Week 4: Optimizing Parameters
[Powerpoint][jupyter][google colab][reveal]
Abstract:
In this session we introduce the process of optimization of the hyper parameters of the Gaussian process covariance function.
%pip install gpy
GPy: A Gaussian Process Framework in Python
Gaussian processes are a flexible tool for non-parametric analysis with uncertainty. The GPy software was started in Sheffield to provide a easy to use interface to GPs. One which allowed the user to focus on the modelling rather than the mathematics.
GPy is a BSD licensed software code base for implementing Gaussian process models in python. This allows GPs to be combined with a wide variety of software libraries.
The software itself is available on GitHub and the team welcomes contributions.

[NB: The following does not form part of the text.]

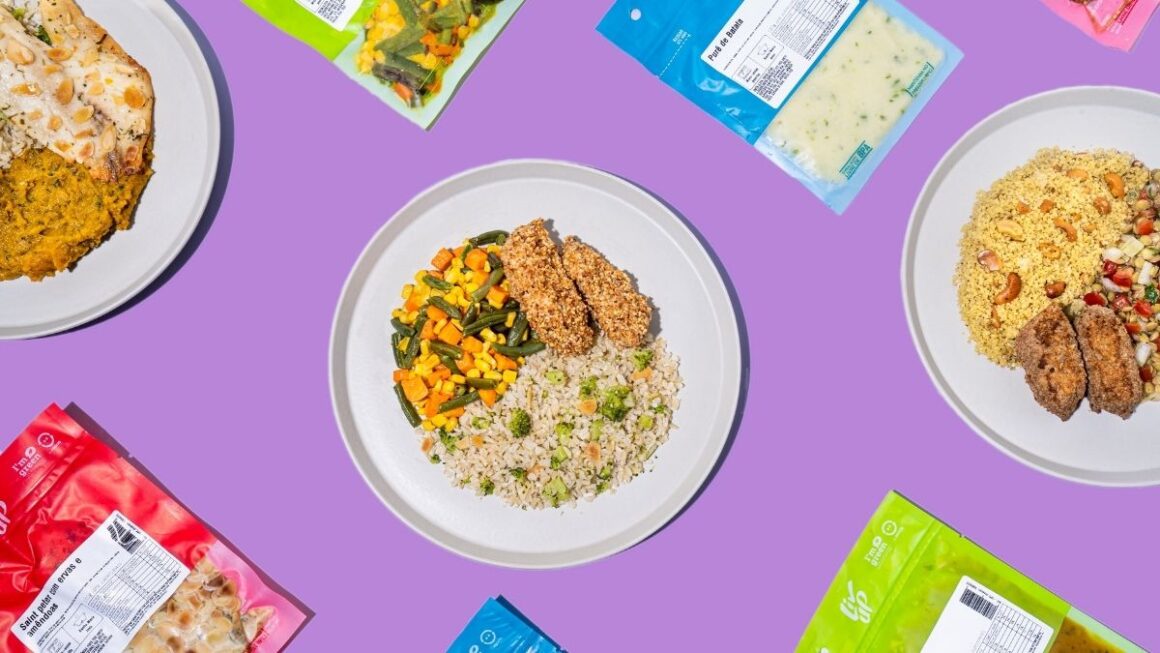 alimentos congelados da liv up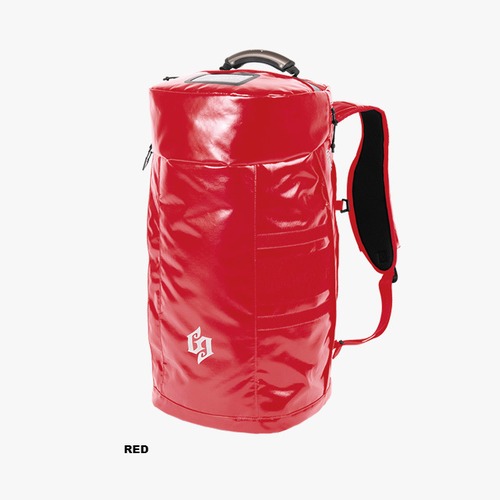 ATHLETE TANK BAG 45 HRS [BQB-00012] RED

The aim for GPy is to be a probabilistic-style programming language, i.e., you specify the model rather than the algorithm. As well as a large range of covariance functions the software allows for non-Gaussian likelihoods, multivariate outputs, dimensionality reduction and approximations for larger data sets.
The documentation for GPy can be found here.
Improving the Numerics
In practice we shouldn’t be using matrix inverse directly to solve the GP system. One more stable way is to compute the Cholesky decomposition of the kernel matrix. The log determinant of the covariance can also be derived from the Cholesky decomposition.
import mlai
from mlai import update_inverse
= update_inverse GP.update_inverse
Capacity Control
Gaussian processes are sometimes seen as part of a wider family of methods known as kernel methods. Kernel methods are also based around covariance functions, but in the field they are known as Mercer kernels. Mercer kernels have interpretations as inner products in potentially infinite dimensional Hilbert spaces. This interpretation arises because, if we take \(\alpha=1\), then the kernel can be expressed as \[ \mathbf{K}= \boldsymbol{ \Phi}\boldsymbol{ \Phi}^\top \] which imples the elements of the kernel are given by, \[ k(\mathbf{ x}, \mathbf{ x}^\prime) = \boldsymbol{ \phi}(\mathbf{ x})^\top \boldsymbol{ \phi}(\mathbf{ x}^\prime). \] So we see that the kernel function is developed from an inner product between the basis functions. Mercer’s theorem tells us that any valid positive definite function can be expressed as this inner product but with the caveat that the inner product could be infinite length. This idea has been used quite widely to kernelize algorithms that depend on inner products. The kernel functions are equivalent to covariance functions and they are parameterized accordingly. In the kernel modeling community it is generally accepted that kernel parameter estimation is a difficult problem and the normal solution is to cross validate to obtain parameters. This can cause difficulties when a large number of kernel parameters need to be estimated. In Gaussian process modelling kernel parameter estimation (in the simplest case proceeds) by maximum likelihood. This involves taking gradients of the likelihood with respect to the parameters of the covariance function.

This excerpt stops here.